Quand il eut fini cette première série de cours, les professeurs d’histoire invitèrent Bao à rester, et à continuer. Après avoir bien réfléchi, Bao finit par accepter leur invitation. Le collège se consacrait essentiellement à l’étude de l’amélioration des rendements agricoles, tout en veillant à ce que l’homme vive de façon plus harmonieuse avec la nature. L’histoire pouvait y contribuer, et les professeurs d’histoire étaient plutôt sympathiques. Il se trouva qu’une célibataire de son âge, une assistante en linguistique, s’était montrée particulièrement amicale avec lui. Ils avaient mangé plusieurs fois ensemble, et avaient pris l’habitude de se retrouver pour déjeuner. Elle s’appelait Gao Qingnian.

Bao s’installa juste à côté de chez Gao dans une maisonnette qui venait justement de se libérer. C’était une maisonnette comme celles de Putatoï, de style japonais, aux cloisons minces et aux grandes baies vitrées, entourant une sorte de jardin communal. C’était un chouette petit quartier.

Le matin, Bao commençait par bêcher la terre et planter des légumes dans un des coins du jardin communal. Entre les maisonnettes, il voyait les grands chênes qui formaient une voûte au-dessus du fleuve, et, plus loin, les rizières vertes.
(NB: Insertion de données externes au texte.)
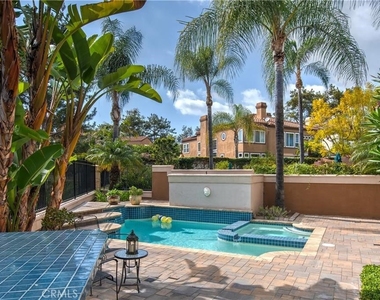 26325 Cannes - Photo Thumbnail 41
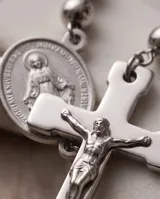 Collar rosario de acero italiano con cuentas esféricas, medalla milagrosa y cruz colgante.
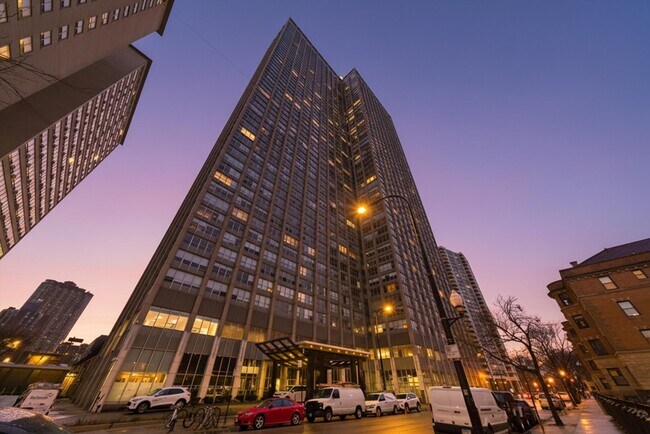 Foto del edificio - 655 W Irving Park Rd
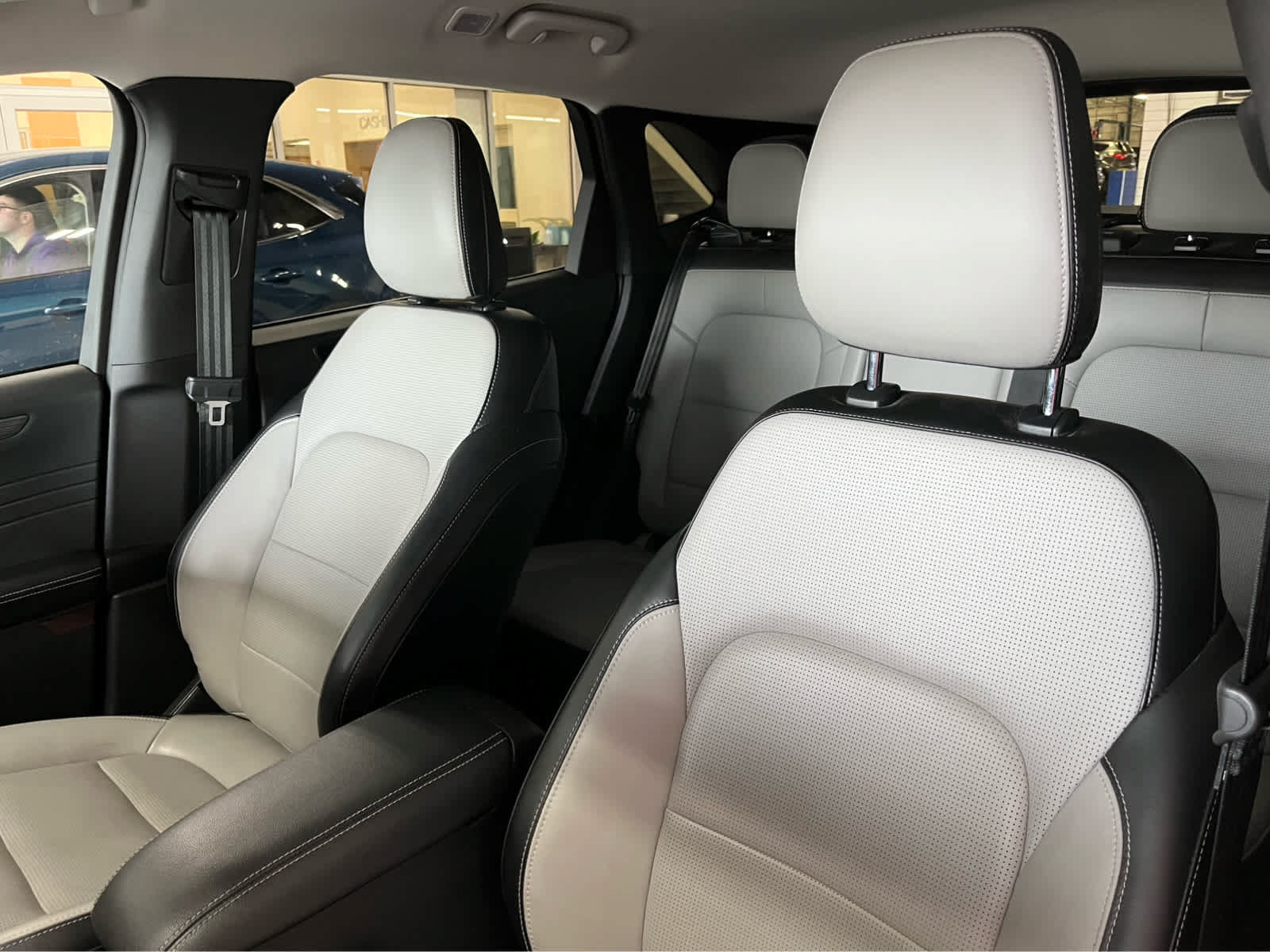 Certified 2023 Ford Escape Platinum AWD/4WD image 20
Plus d’une centaine de lis au-delà, le sommet isolé du Miwok s’élançait à l’assaut du ciel, au sud du grand delta. Au nord-est un long escalier de rizières couvrait la vallée de vert. La côte s’étendait vers l’ouest, la Montagne d’Or à l’est. Il partait au collège sur une vieille bicyclette et faisait cours à ses élèves du séminaire sur de petites tables de pique-nique à côté du fleuve, sous les frondaisons de chênes gigantesques. De temps à autre, il louait un petit airboat et descendait le delta jusqu’à Fangzhang pour aller voir Anzi et sa famille. Bien que ses rapports avec Anzi fussent toujours aussi tendus et difficiles, ses visites répétées finirent par leur sembler normales et même, en un certain sens, constituer un rituel agréable. Elles ne semblaient se rattacher à rien dont ils se souvenaient, mais plutôt exister par elles-mêmes. Bien, disait Bao à Gao, je vais à Fangzhang me chamailler avec ma fille.